• Prompt:
Give back every record exactly, with its pictures left out.

--

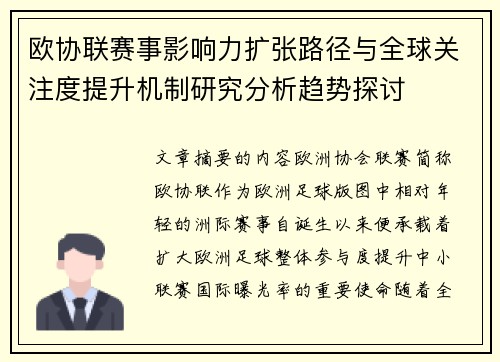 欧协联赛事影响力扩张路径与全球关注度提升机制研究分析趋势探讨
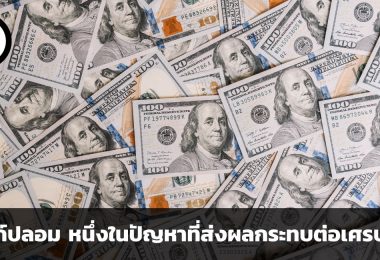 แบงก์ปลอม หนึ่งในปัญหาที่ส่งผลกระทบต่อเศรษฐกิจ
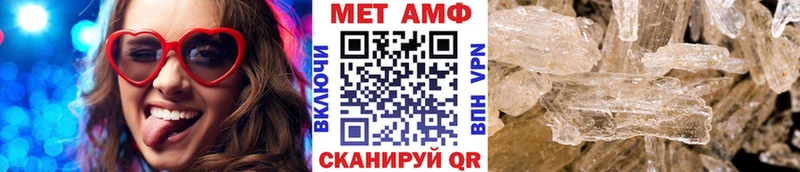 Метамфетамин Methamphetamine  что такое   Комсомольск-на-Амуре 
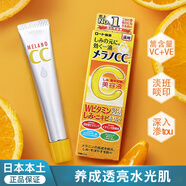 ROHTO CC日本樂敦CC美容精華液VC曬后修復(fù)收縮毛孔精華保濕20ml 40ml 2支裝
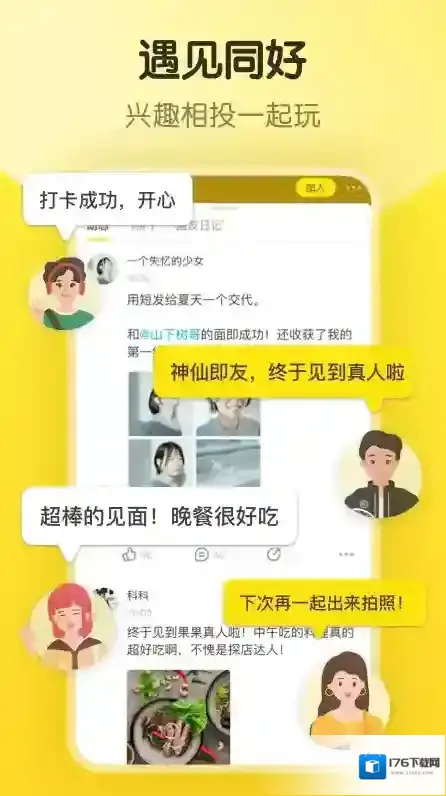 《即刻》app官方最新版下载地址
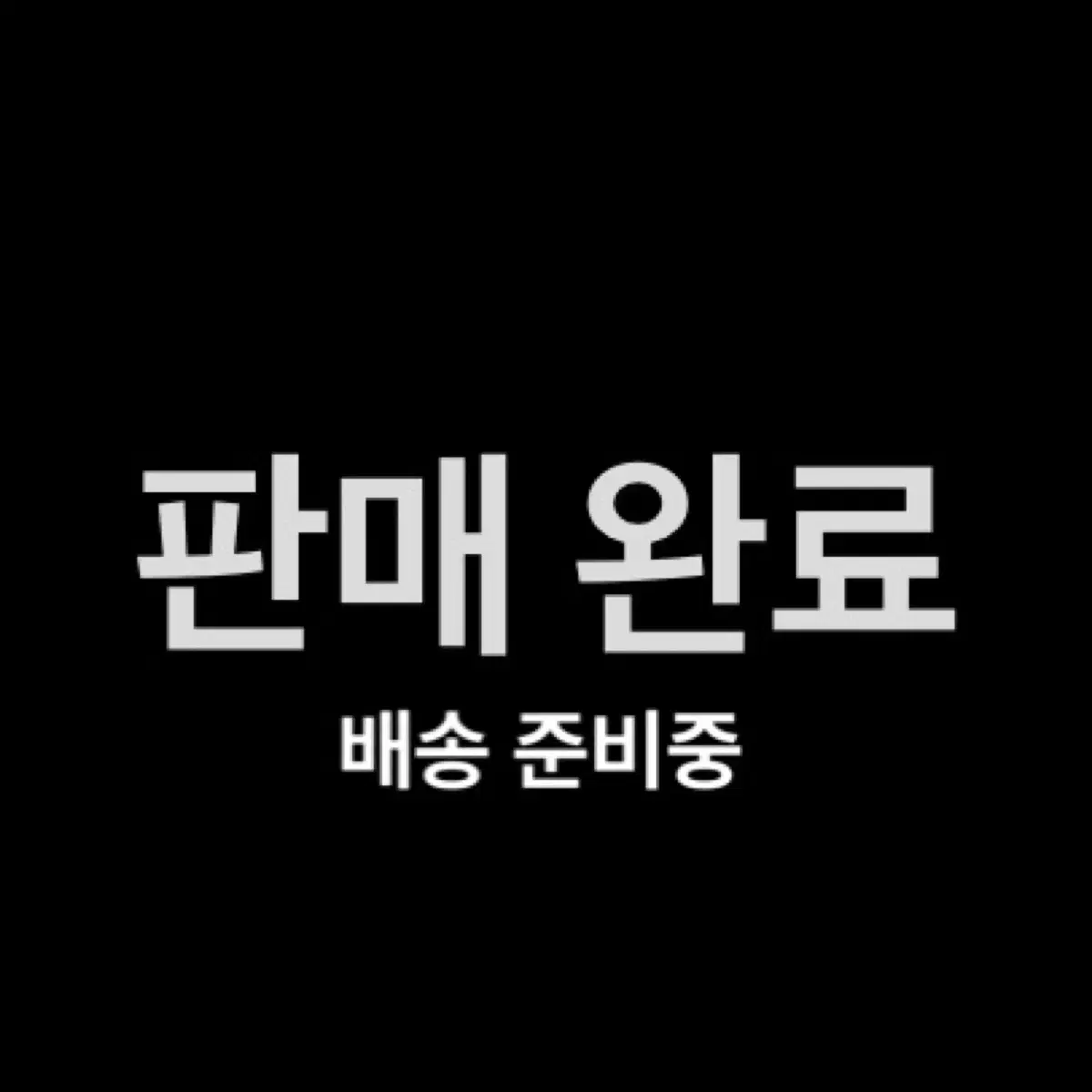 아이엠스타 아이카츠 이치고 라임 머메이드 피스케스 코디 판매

--

• Task output:
 欧协联赛事影响力扩张路径与全球关注度提升机制研究分析趋势探讨
 แบงก์ปลอม หนึ่งในปัญหาที่ส่งผลกระทบต่อเศรษฐกิจ
 Метамфетамин Methamphetamine  что такое   Комсомольск-на-Амуре 
 ROHTO CC日本樂敦CC美容精華液VC曬后修復(fù)收縮毛孔精華保濕20ml 40ml 2支裝
 《即刻》app官方最新版下载地址
 아이엠스타 아이카츠 이치고 라임 머메이드 피스케스 코디 판매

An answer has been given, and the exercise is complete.